Lead, Niche, Or Harvest/Sell - Now

Conventional wisdom is that in mature industries each firm should pick one of several pathways to boldly pursue. To "lead" implies cost-volume-price leadership as well as to buy, merge, or bluff out competitors to rationalize excess capacity. Be the last blacksmith or airline in business and then you will make money.

The pitfalls of "leading" with cost-price-volume have already been addressed. And the problem of acquiring and consolidating the weakest 80 percent of the competitors is that real money would be paid for obsolete assets and poorly culturized employees to get bigger when that may not help.

We might conclude that, to get bigger, firms must start thinking smaller by targeting and perfectly serving smaller niches within their existing customer base. The whole notion of economies of scale doesn't work in a world with demanding customers who have fragmenting needs or in a world of faster change that requires corporate agility.

The "niche" option is not an option; it is critical for all businesses. The problems are:

1. The term is overused and misunderstood, so we all should spend time getting more knowledgeable about how to define, target, and pursue niches.

2. Niching is difficult. We have to identify overlooked or emerging needs and address them with leading-edge solutions in a patient, focused way. Within the product life cycle diagram, we need "startup stage" skills, not administrative skills that most managers in mature industries have.

3. The first priority is to determine which customers are in our core niche - the 20 percent of the customers who are yielding 120-140 percent of most firms' operating profits - and serve them better. Product and volume oriented firms are already selling to many different types of customers and don't know it.

The option to "sell" is a real one. If the chief executives of marginal firms can reassess themselves and their ineffective strategies and do their own turnaround, great. But, if they aren't prepared to change dramatically starting with themselves, then they will do better to sell sooner rather than later.
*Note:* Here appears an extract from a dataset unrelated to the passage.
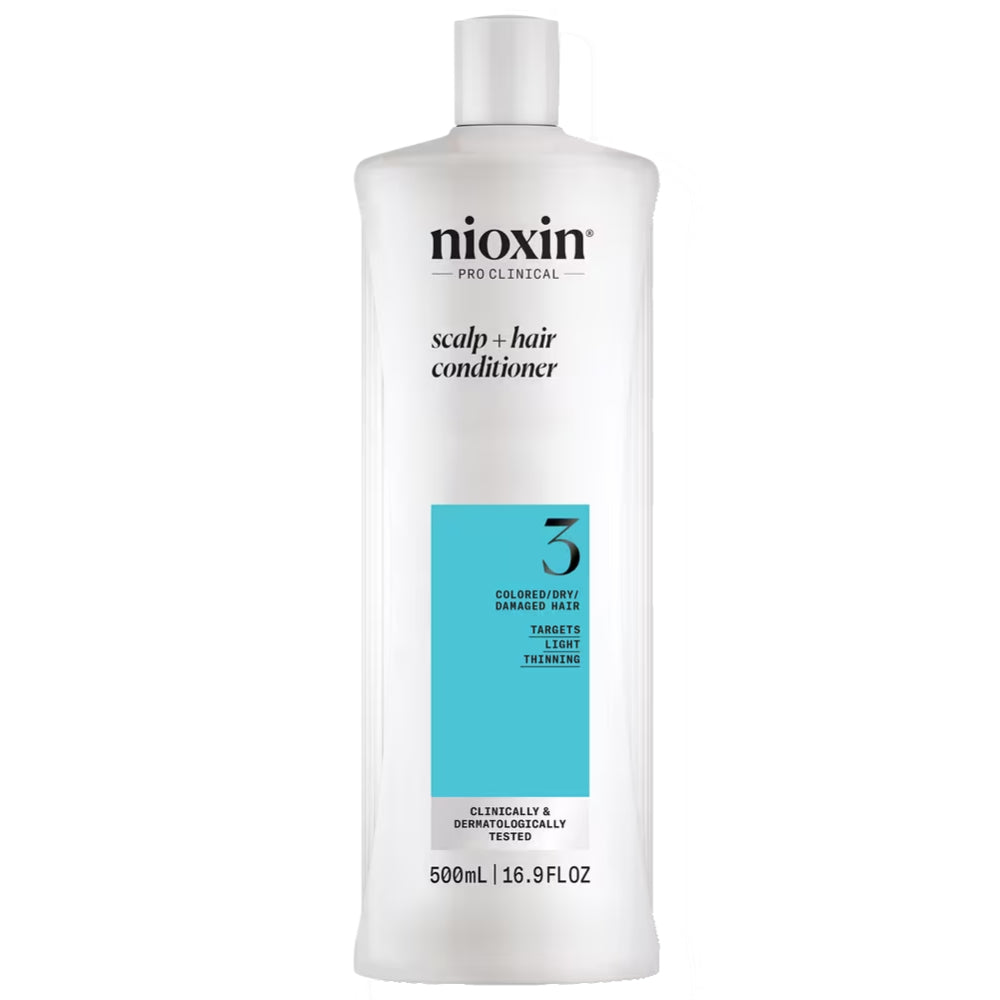 Nioxin System 3 Scalp Therapy Conditioner 16.9 oz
To "harvest" is difficult today, because customers, suppliers, investors, and employees are ever quicker to leave sinking ships. And, the excessive competition, environmental change, and slow-growth demand can wipe out firms quickly.

Conclusions

As markets mature, customers can be more demanding and competition more intense. We must continually sharpen our strategic thinking and customer segmenting. Simplistic strategies will fail us, especially the ones that are based on financial optimization, cost reduction, and volume with its supposed economies of scale, because standard products and services have yielded to fragmented and changing demand.